If you are required to fish the beach in front of the house where you are staying Dawn is usually the best time to fish, by around 9:00 AM the bite will be near over, unless it is blowing hard onto the beach, after 10:00 AM it is time to get the sand castle building equipment out and put the rods in the sand spike until Dusk.


----------



## fishiker (Dec 10, 2015)

Oct can be great on the piers and at Little Bridge. I've got friends who live there and they say October is the best month of the year for fishing. We're going down the 9th, I'll let you know how we do.


----------



## sixtysevensg (Aug 27, 2016)

I'll be heading out the 19th, so any reports/spots would be appreciated! With the change in the weather up here it makes it really hard to wait!


----------



## hugehail (May 25, 2013)

The last schools of Spot will be moving through around that time and the piers are awesome for those. The Spot are normally gone from the Nags Head area by the first of November except for some stragglers I dont do a lot of surf fishing but you can get them there too, but probably not as many as on the piers. The Spot do much better at night on the piers on the incoming tide, but if there is a stiff northeast or north wind that makes the surf roughed up then you can get them anytime of day. There are times in the fall when the surf is just too rough for surf fishing. The piers are good when the surf is too rough. Late October is the best time IMO at Nags Head for good sized speckled trout from the piers and surf. Go early am before sunrise for those and fish through 8 am.


----------



## John Smith_inFL (Nov 22, 2009)

I am in Kitty Hawk for the day and stopped into a tackle shop to look around.
some of the guys were talking about the fishing being good the past few mornings
but afternoons were tough . . . have no idea as to the tides but the weather is great.
will walk out onto the new Jennette's Pier tomorrow - never been there before.
not fishing on this trip - strictly do the Blue Ridge and down the OBX scenic drive and back to FL

out of state licenses for the surf is $12 for 10 days - great deal !!
no license required for the piers.


----------



## seahawk2000 (Aug 15, 2015)

Thanks gang

Sounds like morning is the way to go. Good thing the kids never sleep in. 
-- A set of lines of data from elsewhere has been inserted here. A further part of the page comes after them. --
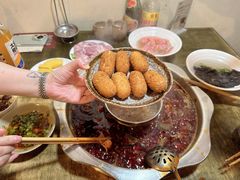 -渝嘴小老弟老火锅(华新村店)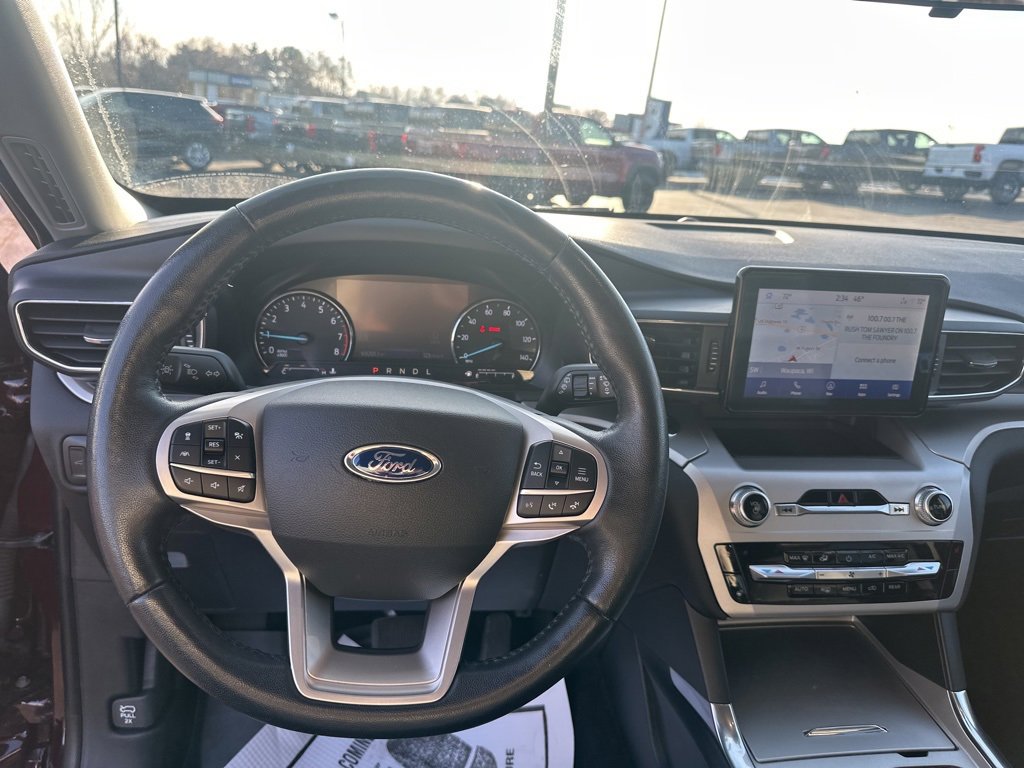 Used 2022 Ford Explorer XLT w/ Equipment Group 202A image 18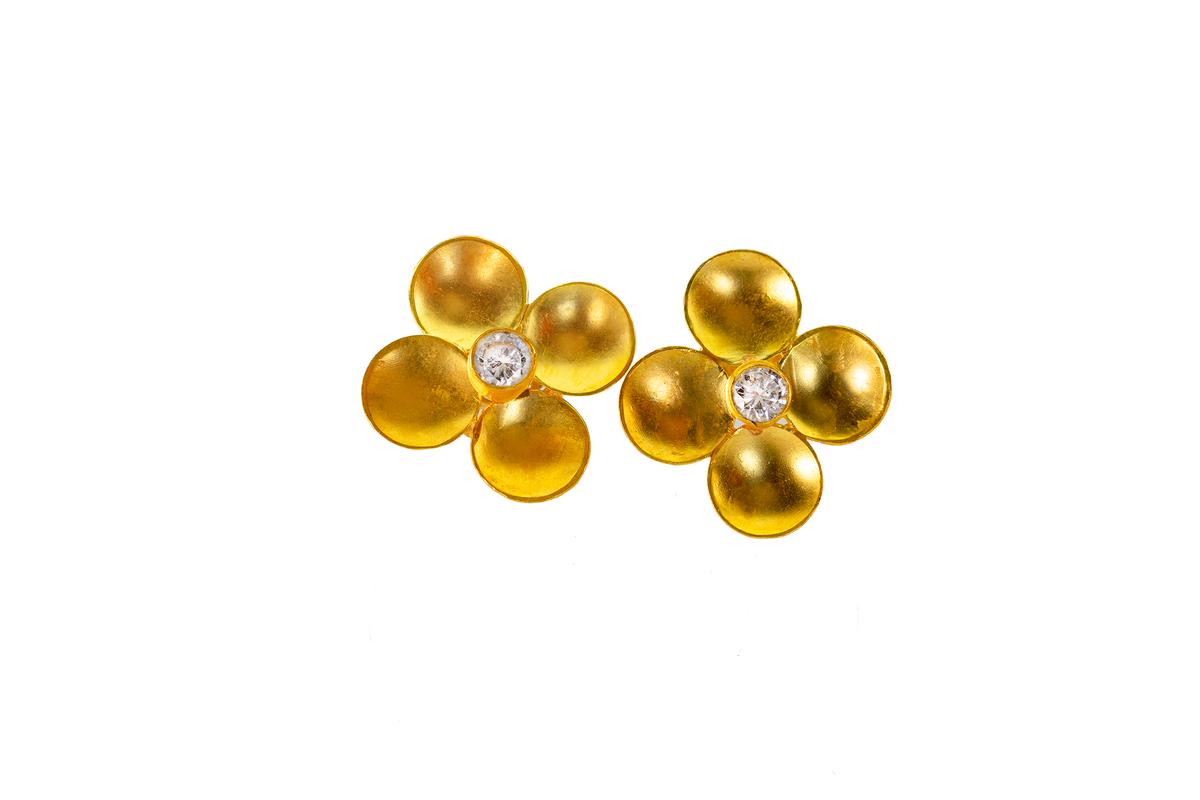 22k gold large flower earring with center diamond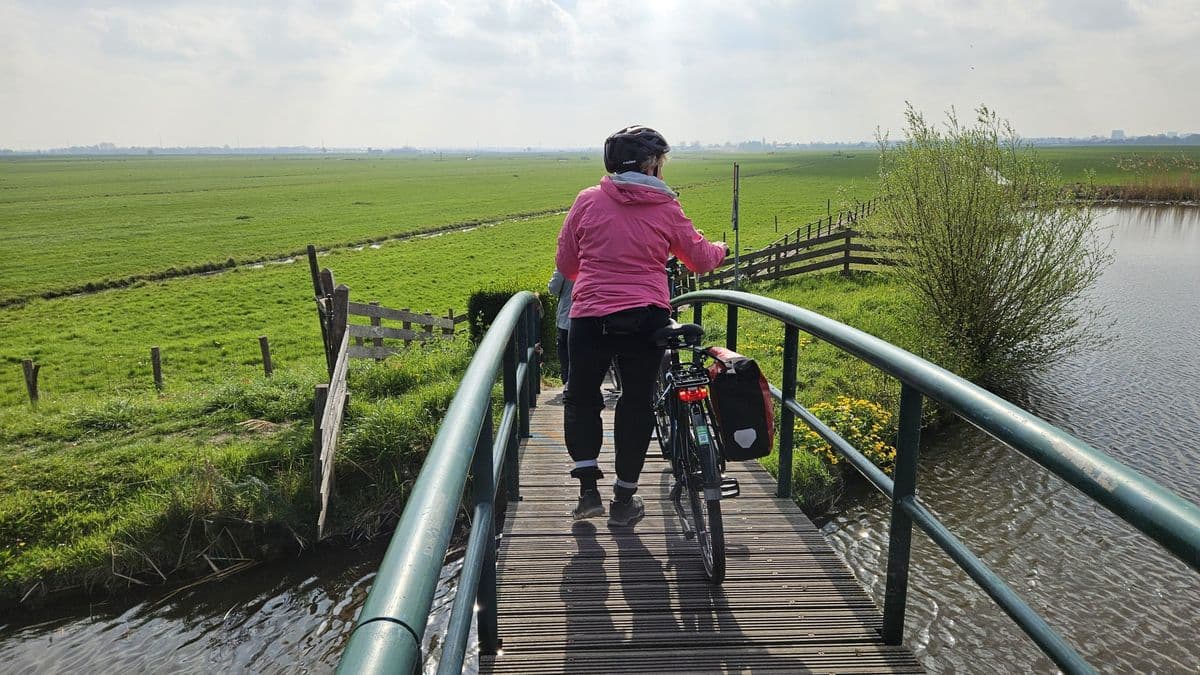Tulips & Windmills Deluxe: 9-Day Guided Bike & Boat in Holland tulips-windmills-deluxe-9-day-bike-boat-holland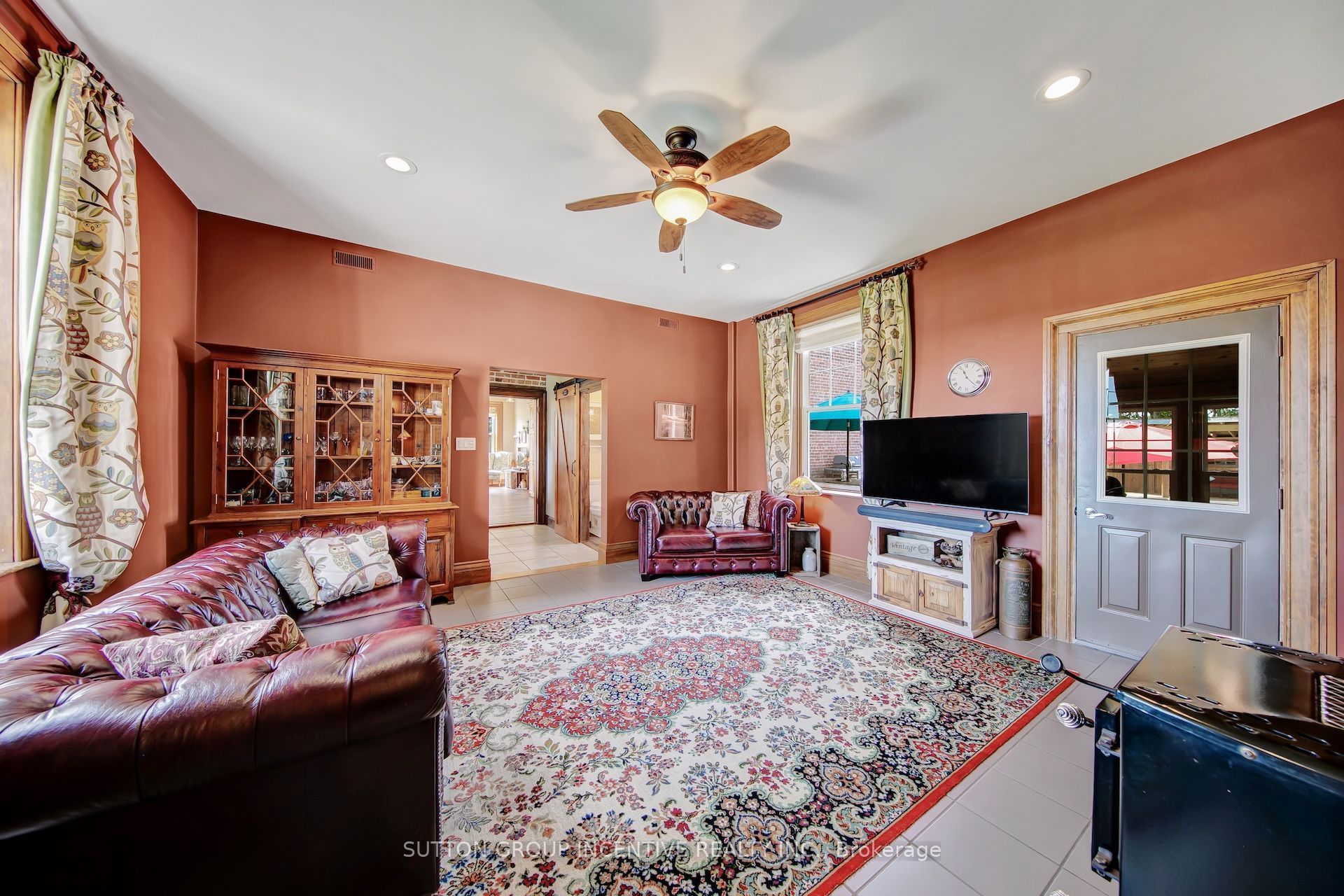 2804 9th Line Property Photo 22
I appreciate the info - keep it coming.


----------



## fishinfanatic (Jan 23, 2008)

October is the best time of year in my opinion, it's cool out and typically good through the entire month. Big drum, puppy drum, blues, trout, spot, mullet, maybe albacore. Hard NE winds are the best for drum and spot, but usually by then the fish are around and it won't matter as much as it does early in the month. 
'


----------



## greg12345 (Jan 8, 2007)

I fish there all the time in October with my 4 kids. Never go wrong with FRESH cut mullet. Bite is best first/last light as was said but I have fished all day with my 4 kids and hammered the pups, depends on tides/wind/structure. I like to fish Pea Island. If surf is rough then piers and little bridge are where we go.


----------



## bronzbck1 (Jun 13, 2007)

I hope it's better than September. This is the worst I've ever heard of


----------



## sand flea (Oct 24, 1999)

bronzbck1 said:


> I hope it's better than September. This is the worst I've ever heard of


The summer pattern hasn't turned over yet. We need some NE winds and cooler temps to get the migrations going. Middle of next week is looking good, depending on which way Hurricane Matthew goes.


----------



## bronzbck1 (Jun 13, 2007)

I hope so the tournament starts Thursday


----------